Panoramic radiography is the imaging study of first choice in the protocol for the OI management since it shows signs of bone and dental destruction that guides the clinician to the origin of the infection [27] Figure 2.
Figure 2: Panoramic X-ray, Periapical osseous destruction of the second left lower molar. Roots remains of the second right lower molar. View Figure 2
The overuse of CT as diagnostic imaging in cases of OI has been discussed on several occasions. Weyh, et al. published a guideline for CT request that considers signs and symptoms as "red flags" that suggest an increased risk of dissemination of the infection to deep anatomic spaces increasing the risk of complications [28] Figure 3. Some of them are trismus, dyspnea, dysphagia, non-palpable lower jaw border, tachycardia, among others [28,29].
Figure 3: Image ordering guidelines for odontogenic infection. Adapted from Weyh AM, et al. [28] View Figure 3
The use of MRI, despite being superior in the diagnosis of bone and soft tissue alterations, has great disadvantages such as the time and money needed to perform it. On the other hand, the ultrasound can be a great tool in cases where a CT scanner is not available, allowing the evaluation and differentiation of purulent collections and vascularized areas [16].

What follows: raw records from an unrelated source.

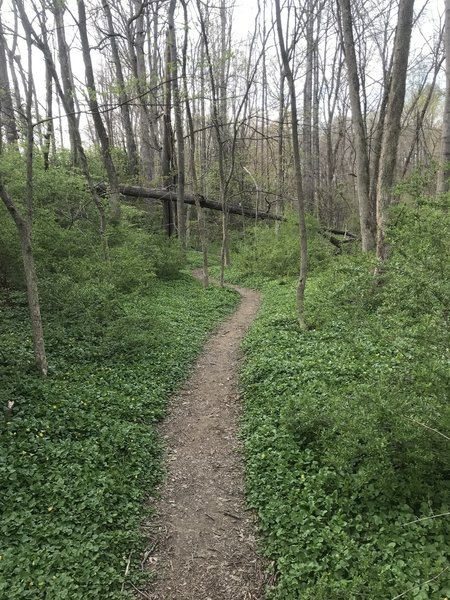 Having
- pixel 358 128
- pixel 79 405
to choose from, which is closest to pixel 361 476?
pixel 79 405

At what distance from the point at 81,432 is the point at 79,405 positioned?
512mm

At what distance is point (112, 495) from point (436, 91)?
2949 cm

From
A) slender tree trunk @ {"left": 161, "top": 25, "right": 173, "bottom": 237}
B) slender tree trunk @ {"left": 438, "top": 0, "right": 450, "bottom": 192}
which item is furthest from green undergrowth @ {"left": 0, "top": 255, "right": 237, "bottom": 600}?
slender tree trunk @ {"left": 161, "top": 25, "right": 173, "bottom": 237}

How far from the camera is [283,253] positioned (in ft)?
55.9

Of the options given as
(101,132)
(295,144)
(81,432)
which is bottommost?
(81,432)

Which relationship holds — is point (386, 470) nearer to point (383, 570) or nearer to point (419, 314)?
point (383, 570)

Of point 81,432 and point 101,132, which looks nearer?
point 81,432

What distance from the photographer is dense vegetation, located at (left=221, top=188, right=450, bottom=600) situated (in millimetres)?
3428

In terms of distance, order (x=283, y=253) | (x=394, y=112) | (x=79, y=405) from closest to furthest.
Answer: (x=79, y=405) → (x=394, y=112) → (x=283, y=253)

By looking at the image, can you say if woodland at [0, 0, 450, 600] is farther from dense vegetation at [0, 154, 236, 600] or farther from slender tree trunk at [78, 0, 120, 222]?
slender tree trunk at [78, 0, 120, 222]

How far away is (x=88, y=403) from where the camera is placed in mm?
5816

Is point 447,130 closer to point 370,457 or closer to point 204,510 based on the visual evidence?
point 370,457

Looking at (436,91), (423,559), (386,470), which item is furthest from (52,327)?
(436,91)

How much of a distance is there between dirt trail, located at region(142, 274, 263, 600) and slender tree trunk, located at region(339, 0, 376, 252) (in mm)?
5919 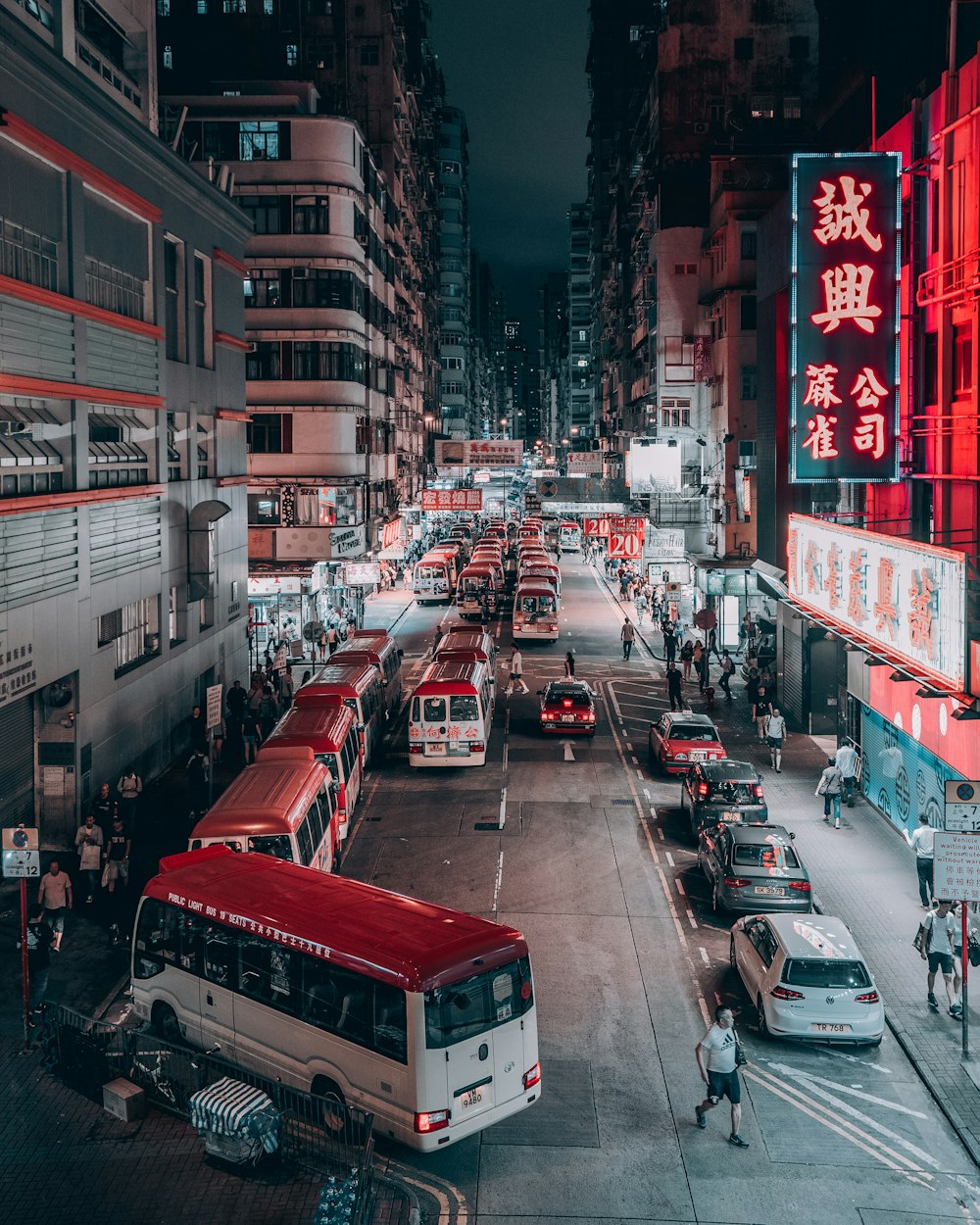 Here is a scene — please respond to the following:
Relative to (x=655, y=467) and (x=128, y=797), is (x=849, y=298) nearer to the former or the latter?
(x=128, y=797)

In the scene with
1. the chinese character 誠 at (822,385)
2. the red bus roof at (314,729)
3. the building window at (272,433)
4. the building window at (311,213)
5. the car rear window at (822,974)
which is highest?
the building window at (311,213)

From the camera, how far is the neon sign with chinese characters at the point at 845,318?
23.2 m

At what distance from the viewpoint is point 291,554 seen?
47.8 m

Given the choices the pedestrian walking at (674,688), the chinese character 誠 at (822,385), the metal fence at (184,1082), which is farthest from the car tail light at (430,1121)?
the pedestrian walking at (674,688)

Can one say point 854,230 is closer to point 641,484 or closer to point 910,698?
point 910,698

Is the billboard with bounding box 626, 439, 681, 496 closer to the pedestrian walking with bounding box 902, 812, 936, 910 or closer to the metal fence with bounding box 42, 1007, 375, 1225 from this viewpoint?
the pedestrian walking with bounding box 902, 812, 936, 910

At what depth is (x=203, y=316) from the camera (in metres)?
36.5

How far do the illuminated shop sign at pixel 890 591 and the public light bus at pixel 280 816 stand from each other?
10203 mm

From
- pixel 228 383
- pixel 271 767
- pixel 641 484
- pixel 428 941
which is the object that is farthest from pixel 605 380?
pixel 428 941

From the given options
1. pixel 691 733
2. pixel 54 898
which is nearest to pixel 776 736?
pixel 691 733

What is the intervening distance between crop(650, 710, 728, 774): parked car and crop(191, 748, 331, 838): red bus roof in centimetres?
1041

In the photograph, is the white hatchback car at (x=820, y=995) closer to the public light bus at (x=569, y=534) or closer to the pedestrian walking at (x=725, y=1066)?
the pedestrian walking at (x=725, y=1066)

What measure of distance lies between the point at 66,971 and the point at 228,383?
77.8ft

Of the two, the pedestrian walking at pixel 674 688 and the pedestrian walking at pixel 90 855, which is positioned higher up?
the pedestrian walking at pixel 674 688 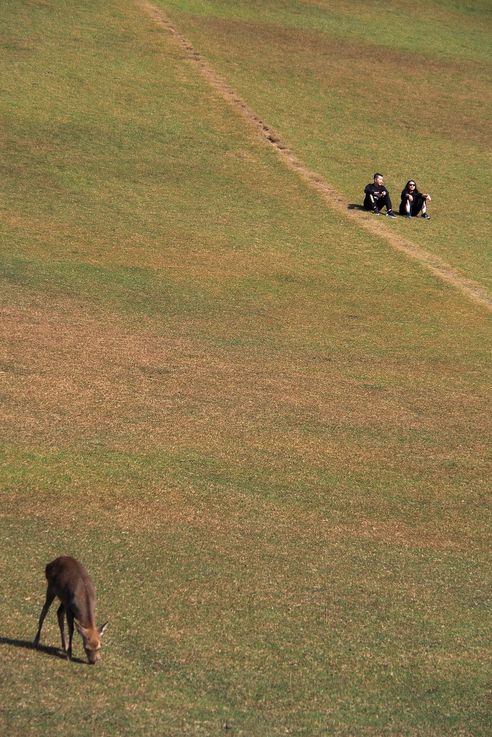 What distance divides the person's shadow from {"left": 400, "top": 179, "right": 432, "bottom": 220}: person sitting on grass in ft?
74.3

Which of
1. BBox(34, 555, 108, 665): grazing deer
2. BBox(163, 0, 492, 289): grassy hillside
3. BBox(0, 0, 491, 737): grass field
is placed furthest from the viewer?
BBox(163, 0, 492, 289): grassy hillside

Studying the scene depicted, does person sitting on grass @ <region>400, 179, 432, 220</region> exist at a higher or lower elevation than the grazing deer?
higher

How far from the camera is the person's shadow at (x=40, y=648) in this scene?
30.6ft

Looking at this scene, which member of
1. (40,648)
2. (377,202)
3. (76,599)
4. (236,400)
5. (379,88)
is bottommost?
(40,648)

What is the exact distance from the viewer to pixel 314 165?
33438mm

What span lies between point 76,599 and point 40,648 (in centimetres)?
94

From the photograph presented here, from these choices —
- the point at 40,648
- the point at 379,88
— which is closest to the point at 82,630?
the point at 40,648

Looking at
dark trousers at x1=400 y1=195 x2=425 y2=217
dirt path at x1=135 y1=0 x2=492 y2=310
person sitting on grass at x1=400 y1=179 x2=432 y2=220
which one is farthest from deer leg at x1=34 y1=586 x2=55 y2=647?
dark trousers at x1=400 y1=195 x2=425 y2=217

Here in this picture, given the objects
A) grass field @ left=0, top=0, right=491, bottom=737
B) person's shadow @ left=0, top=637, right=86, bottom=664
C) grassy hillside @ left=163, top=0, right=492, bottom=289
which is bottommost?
person's shadow @ left=0, top=637, right=86, bottom=664

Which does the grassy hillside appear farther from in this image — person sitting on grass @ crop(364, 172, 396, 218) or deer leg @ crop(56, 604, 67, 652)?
deer leg @ crop(56, 604, 67, 652)

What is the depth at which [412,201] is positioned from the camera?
30.5m

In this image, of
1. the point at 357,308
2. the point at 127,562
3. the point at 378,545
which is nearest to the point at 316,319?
the point at 357,308

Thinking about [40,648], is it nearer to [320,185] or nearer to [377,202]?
[377,202]

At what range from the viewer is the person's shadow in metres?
9.31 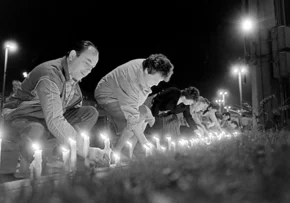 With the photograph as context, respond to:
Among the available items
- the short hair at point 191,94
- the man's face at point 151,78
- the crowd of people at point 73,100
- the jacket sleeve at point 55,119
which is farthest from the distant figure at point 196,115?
the jacket sleeve at point 55,119

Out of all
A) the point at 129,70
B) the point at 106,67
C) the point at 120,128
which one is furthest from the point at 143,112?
the point at 106,67

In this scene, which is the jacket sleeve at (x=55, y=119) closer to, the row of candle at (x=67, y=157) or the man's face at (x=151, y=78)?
the row of candle at (x=67, y=157)

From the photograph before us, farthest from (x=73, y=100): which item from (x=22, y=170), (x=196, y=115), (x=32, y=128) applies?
(x=196, y=115)

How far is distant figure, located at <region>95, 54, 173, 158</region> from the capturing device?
4.05 meters

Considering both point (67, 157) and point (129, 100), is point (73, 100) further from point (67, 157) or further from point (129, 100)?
point (67, 157)

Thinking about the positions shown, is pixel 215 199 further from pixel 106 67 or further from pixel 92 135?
pixel 106 67

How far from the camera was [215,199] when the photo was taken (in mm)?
1006

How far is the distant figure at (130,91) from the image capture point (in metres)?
4.05

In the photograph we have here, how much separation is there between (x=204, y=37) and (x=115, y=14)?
6.14 metres

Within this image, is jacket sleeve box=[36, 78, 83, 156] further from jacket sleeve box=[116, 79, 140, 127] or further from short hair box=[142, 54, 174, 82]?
short hair box=[142, 54, 174, 82]

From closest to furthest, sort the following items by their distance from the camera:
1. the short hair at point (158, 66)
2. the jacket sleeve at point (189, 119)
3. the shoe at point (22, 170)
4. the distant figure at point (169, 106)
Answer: the shoe at point (22, 170)
the short hair at point (158, 66)
the distant figure at point (169, 106)
the jacket sleeve at point (189, 119)

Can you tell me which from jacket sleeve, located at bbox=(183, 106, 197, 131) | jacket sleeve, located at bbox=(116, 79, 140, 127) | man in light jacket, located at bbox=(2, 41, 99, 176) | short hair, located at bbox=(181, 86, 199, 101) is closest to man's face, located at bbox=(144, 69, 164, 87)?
jacket sleeve, located at bbox=(116, 79, 140, 127)

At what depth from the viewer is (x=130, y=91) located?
4.25 m

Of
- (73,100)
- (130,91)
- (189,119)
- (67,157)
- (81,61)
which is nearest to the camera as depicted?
(67,157) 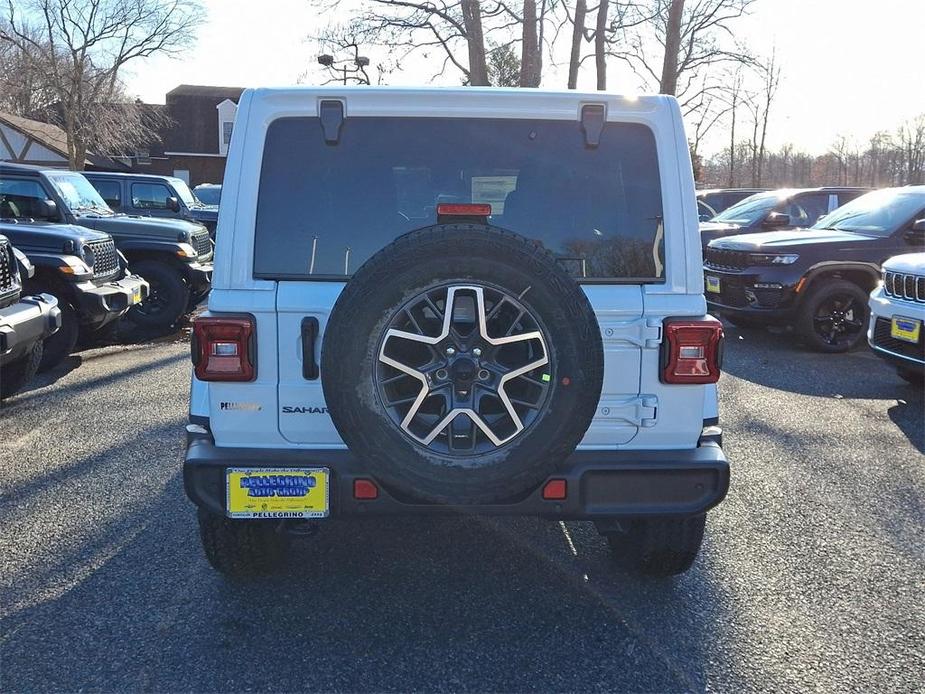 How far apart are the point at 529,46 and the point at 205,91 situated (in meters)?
38.7

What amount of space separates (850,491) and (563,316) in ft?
9.44

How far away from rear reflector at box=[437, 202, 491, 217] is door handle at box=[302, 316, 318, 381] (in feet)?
1.88

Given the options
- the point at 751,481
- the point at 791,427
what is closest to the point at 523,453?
the point at 751,481

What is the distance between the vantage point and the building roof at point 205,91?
5019cm

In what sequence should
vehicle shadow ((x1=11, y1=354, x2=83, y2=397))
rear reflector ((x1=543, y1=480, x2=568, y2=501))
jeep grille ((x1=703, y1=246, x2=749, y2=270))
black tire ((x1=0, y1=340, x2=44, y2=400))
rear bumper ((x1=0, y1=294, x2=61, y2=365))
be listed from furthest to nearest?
jeep grille ((x1=703, y1=246, x2=749, y2=270))
vehicle shadow ((x1=11, y1=354, x2=83, y2=397))
black tire ((x1=0, y1=340, x2=44, y2=400))
rear bumper ((x1=0, y1=294, x2=61, y2=365))
rear reflector ((x1=543, y1=480, x2=568, y2=501))

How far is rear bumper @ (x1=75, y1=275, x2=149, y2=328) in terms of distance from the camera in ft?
23.7

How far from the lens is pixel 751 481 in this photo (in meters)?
4.62

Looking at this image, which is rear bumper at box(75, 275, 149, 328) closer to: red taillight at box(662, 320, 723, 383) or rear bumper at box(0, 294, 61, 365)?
rear bumper at box(0, 294, 61, 365)

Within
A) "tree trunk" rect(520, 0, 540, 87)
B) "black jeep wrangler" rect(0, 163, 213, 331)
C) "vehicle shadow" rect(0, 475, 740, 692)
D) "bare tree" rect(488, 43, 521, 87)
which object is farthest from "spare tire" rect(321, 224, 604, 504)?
"bare tree" rect(488, 43, 521, 87)

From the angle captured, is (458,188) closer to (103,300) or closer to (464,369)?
(464,369)

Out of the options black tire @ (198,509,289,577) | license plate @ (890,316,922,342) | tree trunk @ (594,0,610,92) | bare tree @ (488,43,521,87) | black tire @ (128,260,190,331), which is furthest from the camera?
bare tree @ (488,43,521,87)

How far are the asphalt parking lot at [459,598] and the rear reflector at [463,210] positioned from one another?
153 cm

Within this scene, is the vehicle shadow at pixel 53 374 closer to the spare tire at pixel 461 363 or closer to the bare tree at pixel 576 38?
the spare tire at pixel 461 363

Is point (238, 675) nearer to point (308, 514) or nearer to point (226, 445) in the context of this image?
point (308, 514) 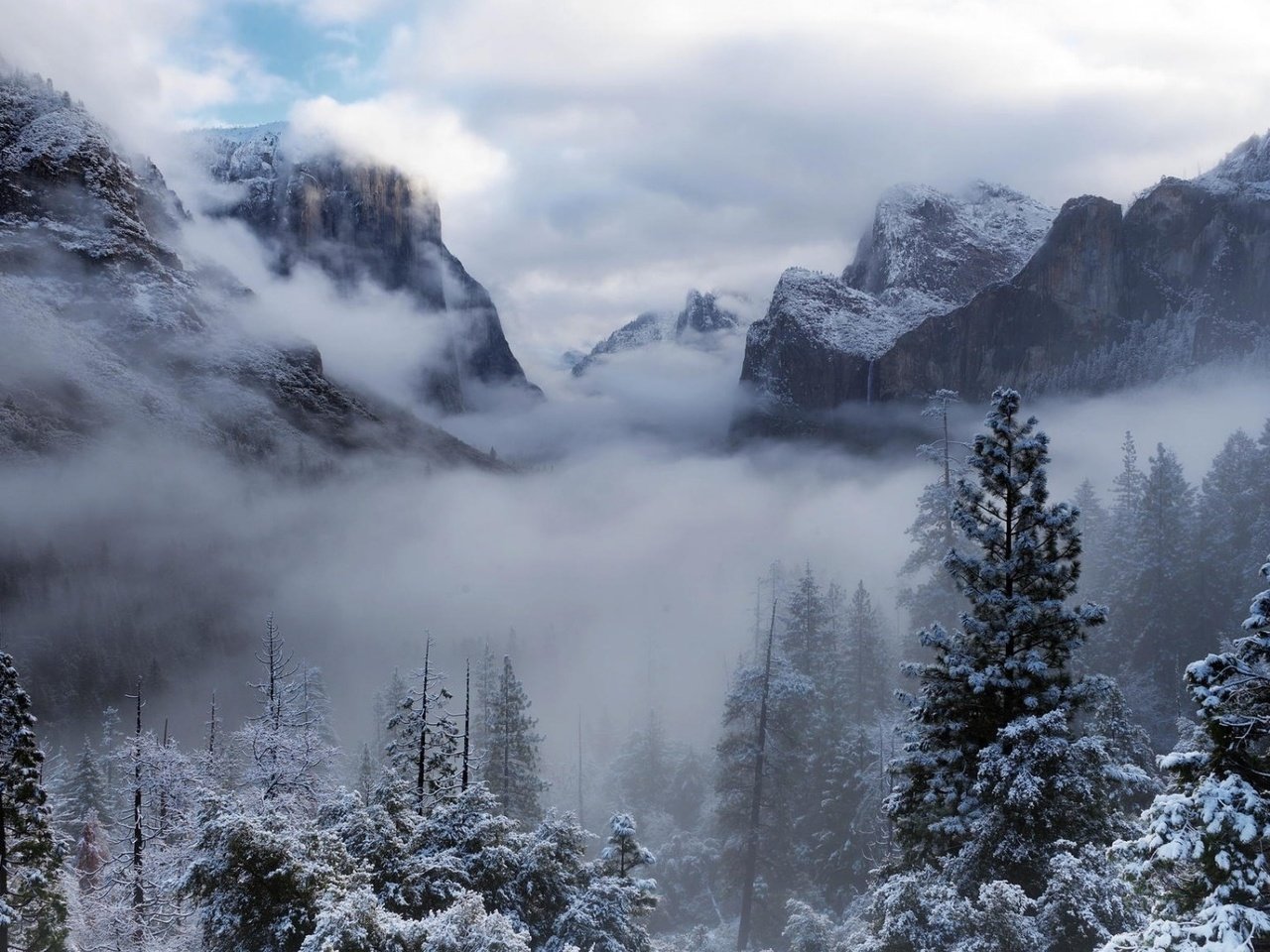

Laboratory studies are not usually solicited during the treatment of an odontogenic infection. However, they can be useful when the infection occupies deep spaces that complicate the clinical examination. The study to request is a complete blood count; in which the white cells are evaluated with greater emphasis on the differential count. During the development of the bacterial infection, neutrophils are elevated above 12,000 mm3 as a sign that the immune system is fighting the infection; while after treatment, as a sign of resolution of the infection, neutrophils return to normal levels [19].
Regularly the elimination of the infectious focus, incision and drainage, and empirical pharmacological treatment are sufficient for the remission of the infection. Most are localized and can be treated on the outpatient basis; therefore, culture is not justified [28,30].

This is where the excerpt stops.